Au début des années 1900, alors que Chicago était l’épicentre de l’industrie du cinéma, M. Bell, un projectionniste et M. Howell, un ingénieur dans une manufacture de pièces de projecteurs, décident de créer la compagnie Bell & Howell. Ils se spécialisent dans la réparation de matériel cinématographique, la fabrication de tireuses et de perforatrices. Ils démarrent donc leur entreprise en étant au fait des limites des machines et des attentes du milieu professionnel en plein essor. Cette première spécialisation influence les futures conceptions des caméras de la marque. Les perforations B&H deviennent ensuite une référence à l’international.

En 1912, Bell et Howell mettent au point la caméra 2709 modèle B, connue sous le nom de « the Standard Camera » dont le système d’entraînement de la pellicule très performant continue d’être une référence.
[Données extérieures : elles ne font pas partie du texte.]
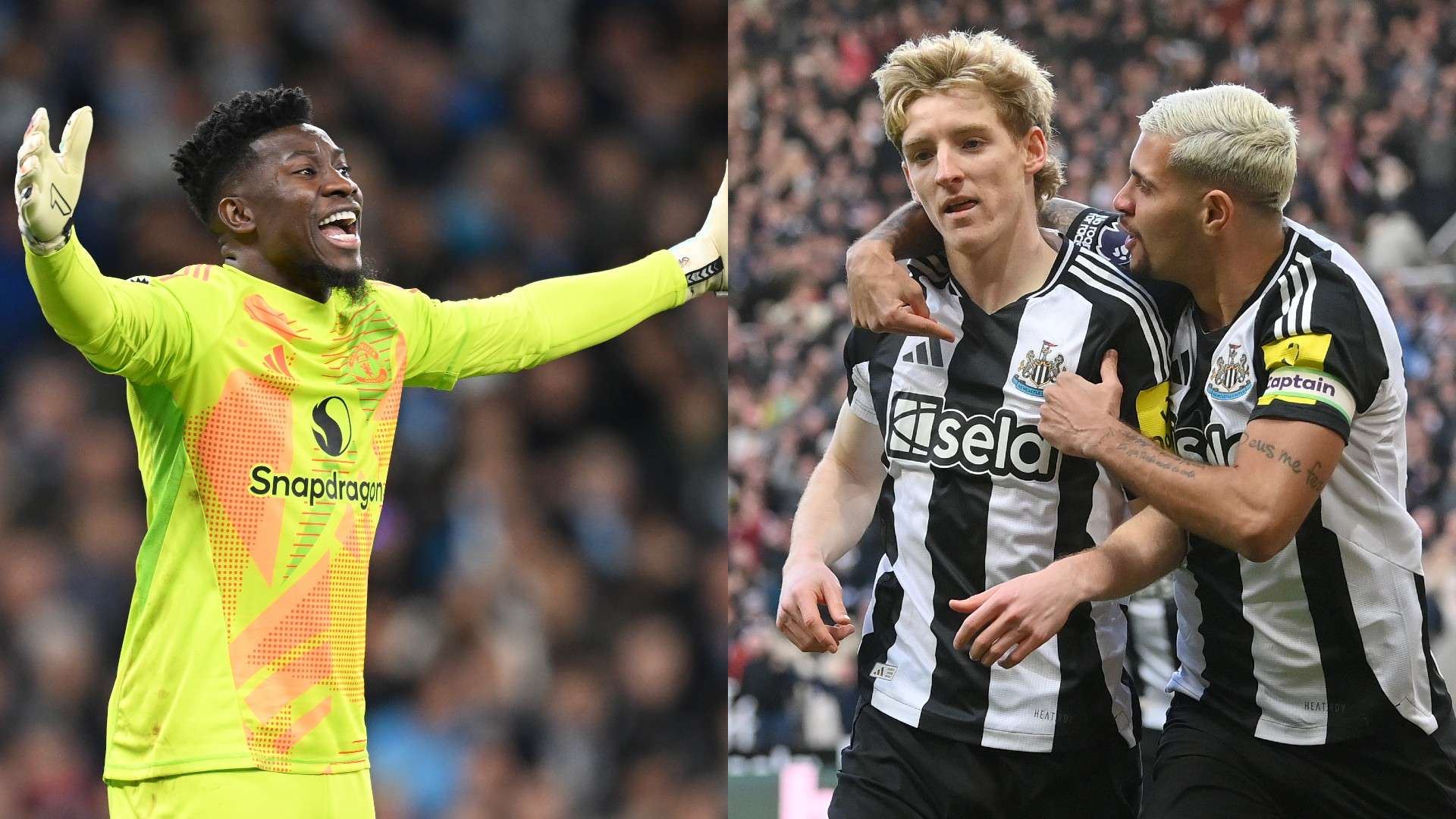 在职业生涯 在职业生涯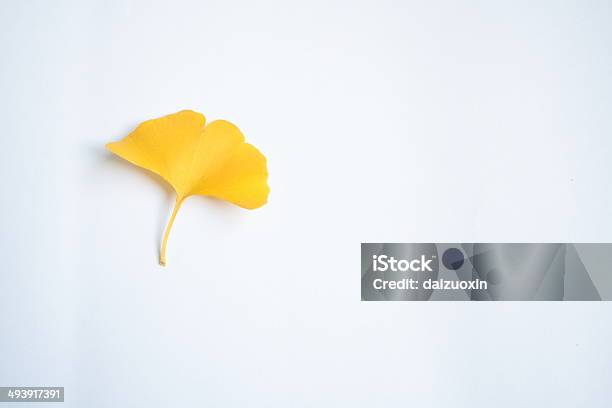 Ginkgo Leaf Stock Photo - Download Image Now - Autumn, Botany, Color Image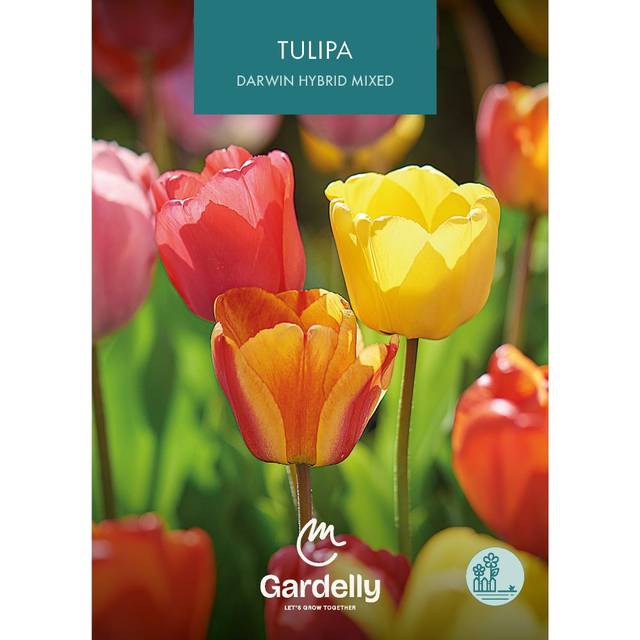 Tulipe Darwin en mélange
Dans le détail, ce sont deux griffes qui assurent le mouvement de la pellicule, puis un cadre presseur plaque la pellicule au moment où elle est exposée à la lumière. Cela permet de réaliser de manière très précise des effets au moment de tournage.

Les produits et les normes développés par la compagnie Bell & Howell dans le premier quart de ce siècle ont constitué la pierre angulaire de la plupart des développements ultérieurs de la technologie cinématographique – professionnelle et amateur – dans le monde entier, mais surtout aux États-Unis. Cependant, cet article historique se concentrera, en général, sur les caméras cinématographiques de 35 mm développées et construites par cette société, et en particulier sur un modèle de caméra, le modèle Standard 2709. [Traduction]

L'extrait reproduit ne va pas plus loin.